(Exercise description): When you reach the line containing "Dickies ® Icon" in the records below, start copying exactly, and stop once you have copied the line containing "Botanical Logo kit, a".

(Data provided):
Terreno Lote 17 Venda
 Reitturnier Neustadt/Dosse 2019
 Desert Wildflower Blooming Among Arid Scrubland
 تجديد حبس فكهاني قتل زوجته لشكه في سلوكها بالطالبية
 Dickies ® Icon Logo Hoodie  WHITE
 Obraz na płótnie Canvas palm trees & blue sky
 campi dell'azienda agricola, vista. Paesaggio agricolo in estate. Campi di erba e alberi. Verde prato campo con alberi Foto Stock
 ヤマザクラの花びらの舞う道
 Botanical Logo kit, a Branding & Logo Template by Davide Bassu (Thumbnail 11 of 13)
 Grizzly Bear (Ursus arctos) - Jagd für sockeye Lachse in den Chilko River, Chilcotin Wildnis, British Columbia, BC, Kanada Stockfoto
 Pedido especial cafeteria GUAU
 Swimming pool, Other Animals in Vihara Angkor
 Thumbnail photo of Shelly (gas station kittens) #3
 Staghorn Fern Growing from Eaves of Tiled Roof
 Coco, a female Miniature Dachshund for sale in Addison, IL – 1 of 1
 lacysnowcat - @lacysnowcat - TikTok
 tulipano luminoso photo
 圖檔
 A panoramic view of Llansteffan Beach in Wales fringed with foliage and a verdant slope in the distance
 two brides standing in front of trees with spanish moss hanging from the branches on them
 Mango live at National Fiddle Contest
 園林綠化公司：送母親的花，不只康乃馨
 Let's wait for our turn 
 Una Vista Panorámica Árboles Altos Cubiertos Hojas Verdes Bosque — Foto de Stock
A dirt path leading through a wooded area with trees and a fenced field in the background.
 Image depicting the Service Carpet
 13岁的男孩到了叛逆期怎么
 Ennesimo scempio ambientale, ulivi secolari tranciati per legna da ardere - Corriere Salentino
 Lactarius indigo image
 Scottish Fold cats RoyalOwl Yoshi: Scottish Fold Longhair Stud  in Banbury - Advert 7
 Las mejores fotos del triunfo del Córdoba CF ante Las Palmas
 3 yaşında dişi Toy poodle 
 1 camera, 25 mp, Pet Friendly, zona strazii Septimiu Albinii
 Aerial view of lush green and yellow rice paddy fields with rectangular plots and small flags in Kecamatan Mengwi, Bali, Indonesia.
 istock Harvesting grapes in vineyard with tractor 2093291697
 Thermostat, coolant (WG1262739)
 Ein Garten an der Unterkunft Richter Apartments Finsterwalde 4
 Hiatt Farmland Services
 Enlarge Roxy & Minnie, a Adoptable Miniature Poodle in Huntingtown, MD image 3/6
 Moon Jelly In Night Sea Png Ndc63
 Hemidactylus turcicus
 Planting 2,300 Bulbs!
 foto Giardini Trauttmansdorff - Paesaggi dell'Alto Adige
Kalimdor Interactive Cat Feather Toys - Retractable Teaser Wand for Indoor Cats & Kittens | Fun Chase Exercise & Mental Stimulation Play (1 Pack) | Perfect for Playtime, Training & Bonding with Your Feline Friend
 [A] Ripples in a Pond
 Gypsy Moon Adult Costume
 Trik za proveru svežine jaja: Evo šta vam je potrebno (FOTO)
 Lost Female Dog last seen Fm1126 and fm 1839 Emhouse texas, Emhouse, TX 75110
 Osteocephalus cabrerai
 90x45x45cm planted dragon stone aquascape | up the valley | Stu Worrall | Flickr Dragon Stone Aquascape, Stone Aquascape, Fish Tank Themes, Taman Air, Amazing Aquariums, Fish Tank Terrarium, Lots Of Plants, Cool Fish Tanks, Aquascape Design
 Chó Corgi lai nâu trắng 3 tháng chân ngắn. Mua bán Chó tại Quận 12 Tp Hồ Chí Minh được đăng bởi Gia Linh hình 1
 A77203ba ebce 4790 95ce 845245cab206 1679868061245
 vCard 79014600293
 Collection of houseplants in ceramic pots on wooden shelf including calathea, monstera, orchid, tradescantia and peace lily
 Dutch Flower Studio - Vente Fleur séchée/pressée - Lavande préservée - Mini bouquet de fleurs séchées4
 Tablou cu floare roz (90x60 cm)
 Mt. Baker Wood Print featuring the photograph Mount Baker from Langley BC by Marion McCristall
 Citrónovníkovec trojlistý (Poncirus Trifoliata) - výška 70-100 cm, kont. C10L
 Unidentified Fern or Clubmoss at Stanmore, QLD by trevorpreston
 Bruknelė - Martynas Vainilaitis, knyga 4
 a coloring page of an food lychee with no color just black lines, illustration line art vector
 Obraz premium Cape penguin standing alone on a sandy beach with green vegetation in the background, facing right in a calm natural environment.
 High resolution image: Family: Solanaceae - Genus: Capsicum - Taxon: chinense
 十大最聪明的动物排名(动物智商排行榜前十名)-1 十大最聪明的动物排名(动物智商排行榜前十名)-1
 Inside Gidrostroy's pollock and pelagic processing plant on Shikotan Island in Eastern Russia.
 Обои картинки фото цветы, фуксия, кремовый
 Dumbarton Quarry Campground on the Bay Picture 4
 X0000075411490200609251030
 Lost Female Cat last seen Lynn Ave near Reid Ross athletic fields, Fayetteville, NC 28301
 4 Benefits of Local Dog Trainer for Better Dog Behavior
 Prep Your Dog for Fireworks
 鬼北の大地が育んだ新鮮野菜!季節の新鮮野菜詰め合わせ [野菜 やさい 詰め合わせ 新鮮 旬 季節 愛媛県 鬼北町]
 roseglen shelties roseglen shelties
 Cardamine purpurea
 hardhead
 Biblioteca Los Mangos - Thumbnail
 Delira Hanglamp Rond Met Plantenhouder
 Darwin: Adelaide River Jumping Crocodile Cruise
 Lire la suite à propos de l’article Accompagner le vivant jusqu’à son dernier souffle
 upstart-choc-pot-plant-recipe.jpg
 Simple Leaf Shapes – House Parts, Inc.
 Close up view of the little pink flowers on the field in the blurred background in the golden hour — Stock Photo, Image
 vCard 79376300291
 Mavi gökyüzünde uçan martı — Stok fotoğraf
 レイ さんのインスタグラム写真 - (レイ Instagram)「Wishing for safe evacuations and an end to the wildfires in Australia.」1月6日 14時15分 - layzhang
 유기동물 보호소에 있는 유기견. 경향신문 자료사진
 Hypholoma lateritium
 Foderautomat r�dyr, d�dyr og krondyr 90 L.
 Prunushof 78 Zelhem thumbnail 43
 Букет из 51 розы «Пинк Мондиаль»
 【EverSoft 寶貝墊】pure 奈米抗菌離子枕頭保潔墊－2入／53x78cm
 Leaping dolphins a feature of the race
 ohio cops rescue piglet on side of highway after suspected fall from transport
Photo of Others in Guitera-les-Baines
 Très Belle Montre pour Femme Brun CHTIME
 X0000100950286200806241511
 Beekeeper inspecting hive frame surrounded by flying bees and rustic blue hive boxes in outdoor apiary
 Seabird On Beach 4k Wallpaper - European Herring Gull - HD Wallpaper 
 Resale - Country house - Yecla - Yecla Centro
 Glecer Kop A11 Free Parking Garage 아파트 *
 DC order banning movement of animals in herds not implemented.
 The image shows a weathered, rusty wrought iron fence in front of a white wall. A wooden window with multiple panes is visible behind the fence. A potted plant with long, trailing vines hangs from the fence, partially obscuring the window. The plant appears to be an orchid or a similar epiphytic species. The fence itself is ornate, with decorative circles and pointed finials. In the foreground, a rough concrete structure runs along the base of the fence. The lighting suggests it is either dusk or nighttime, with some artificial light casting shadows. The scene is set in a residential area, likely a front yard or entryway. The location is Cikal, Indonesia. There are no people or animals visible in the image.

(Result of the task):
 Dickies ® Icon Logo Hoodie  WHITE
 Obraz na płótnie Canvas palm trees & blue sky
 campi dell'azienda agricola, vista. Paesaggio agricolo in estate. Campi di erba e alberi. Verde prato campo con alberi Foto Stock
 ヤマザクラの花びらの舞う道
 Botanical Logo kit, a Branding & Logo Template by Davide Bassu (Thumbnail 11 of 13)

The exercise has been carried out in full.